**Problem to work on:**
Reprint the lines below as they are, minus the pictures.

**Source material:**
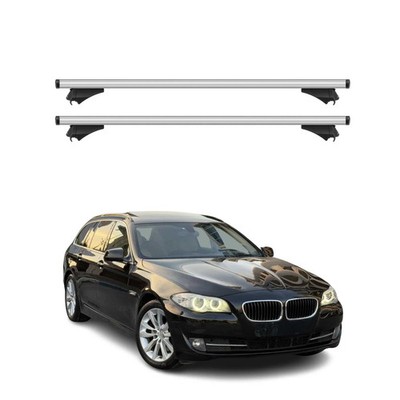 Cross Bars Roof Racks Aluminium for BMW 5 Series F11 Wagon 2010-2016 Silver 2Pcs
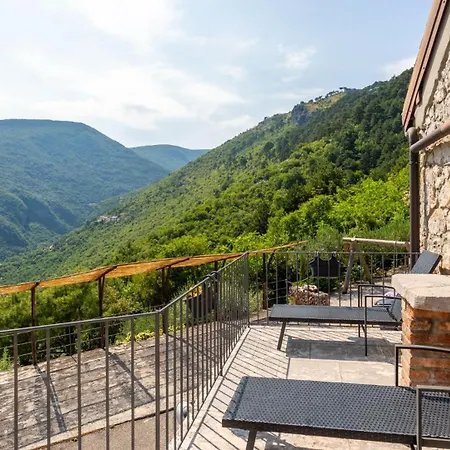 Stone House Zijavica With Indoor Pool Moscenicka Draga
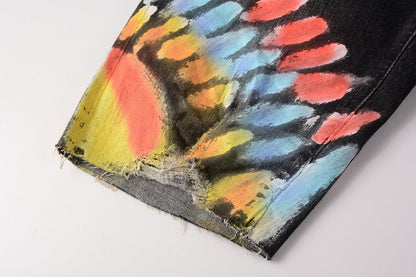 Purple Short Jeans 5085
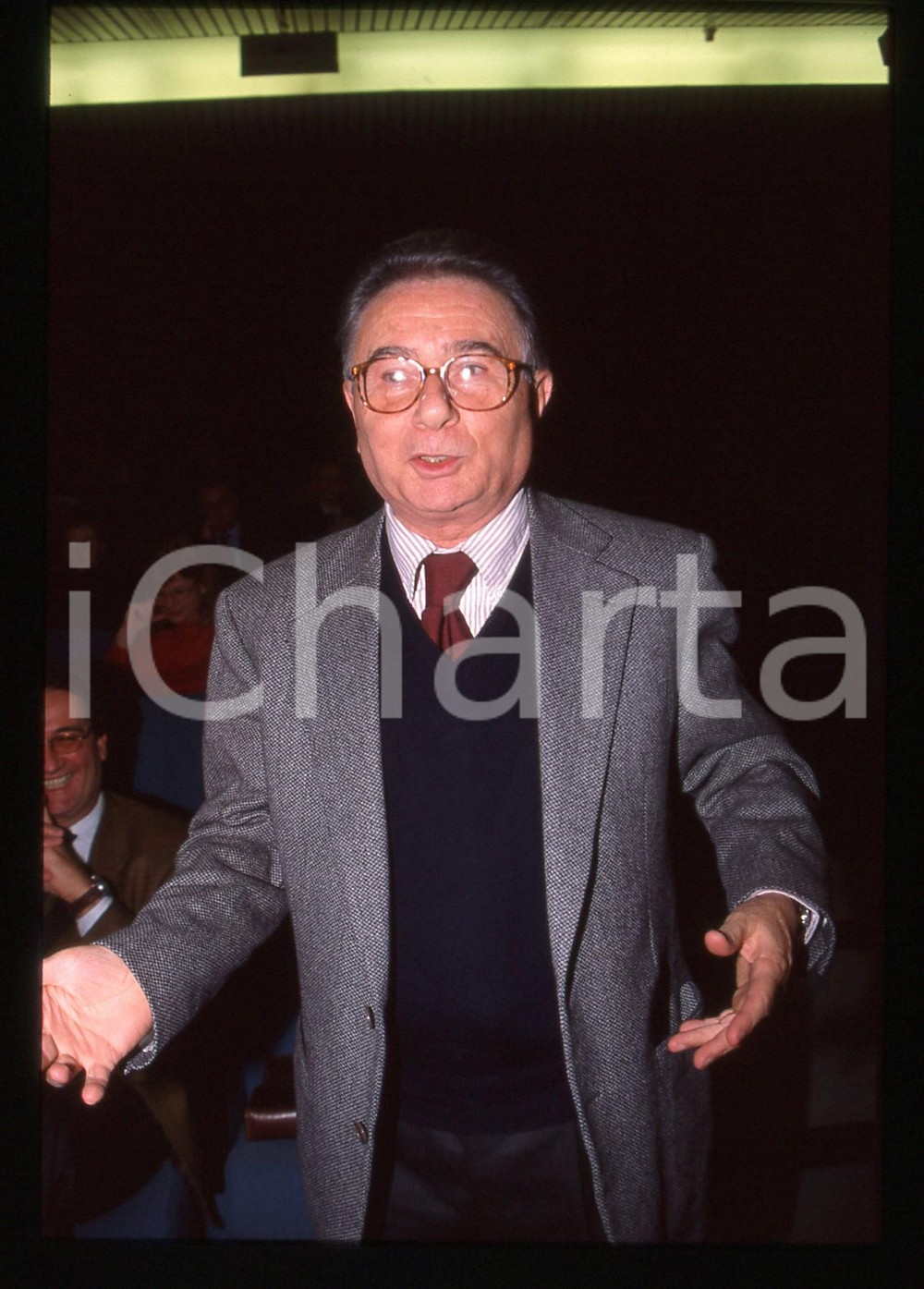 35mm vintage slide* 1995 ca ROMA Aris ACCORNERO Ritratto del sociologo (10)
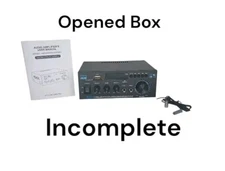 AK45 Bluetooth Amplifier Karaoke Amp for Home/Marine/Car Amp USB Player FM Radio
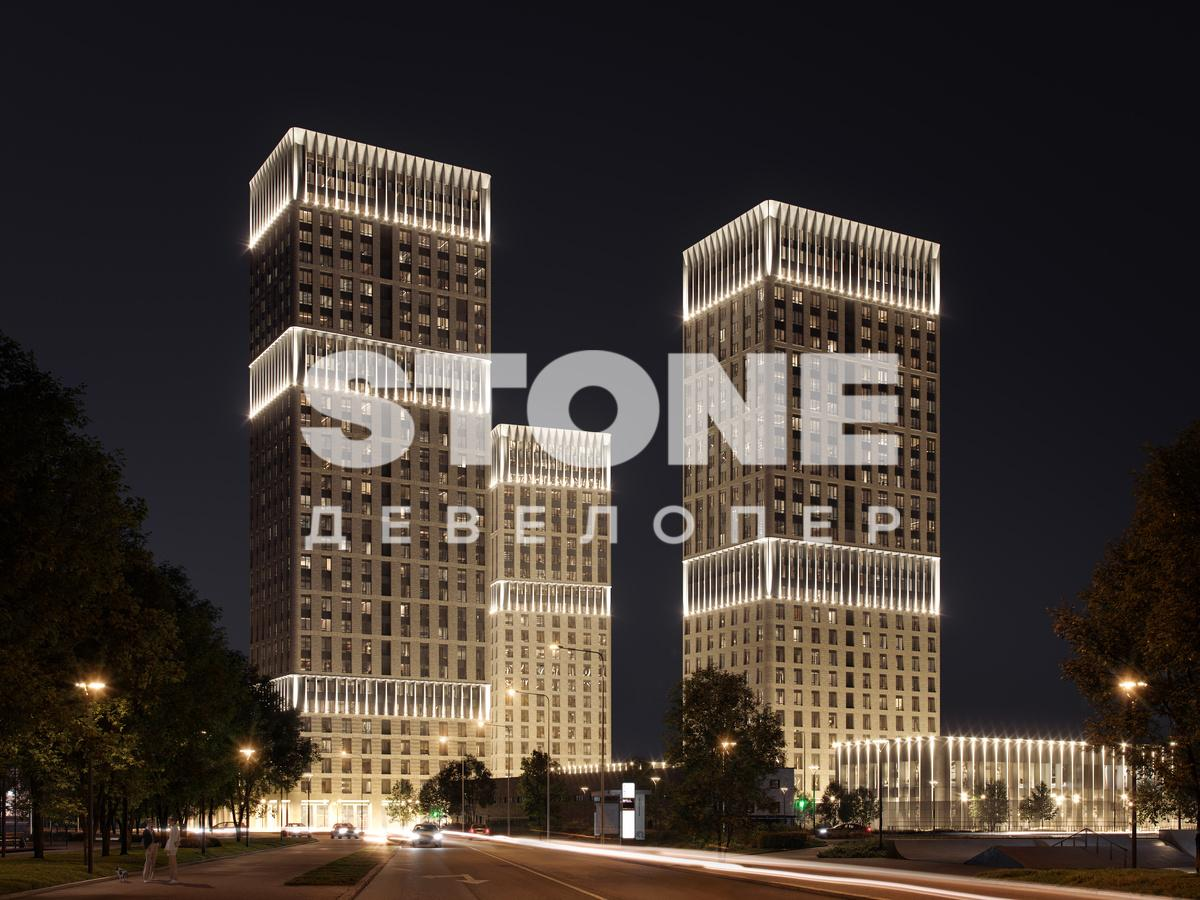 1-комнатная 41 м2 в ЖК Sokolniki корпус null этаж 13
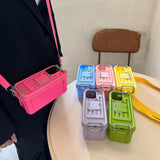 Cifeeo-gifts Macaron Color Storage Box Crossbody Phone Case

**Answer to this problem:**
 Cross Bars Roof Racks Aluminium for BMW 5 Series F11 Wagon 2010-2016 Silver 2Pcs
 Stone House Zijavica With Indoor Pool Moscenicka Draga
 Purple Short Jeans 5085
 35mm vintage slide* 1995 ca ROMA Aris ACCORNERO Ritratto del sociologo (10)
 AK45 Bluetooth Amplifier Karaoke Amp for Home/Marine/Car Amp USB Player FM Radio
 1-комнатная 41 м2 в ЖК Sokolniki корпус null этаж 13
 Cifeeo-gifts Macaron Color Storage Box Crossbody Phone Case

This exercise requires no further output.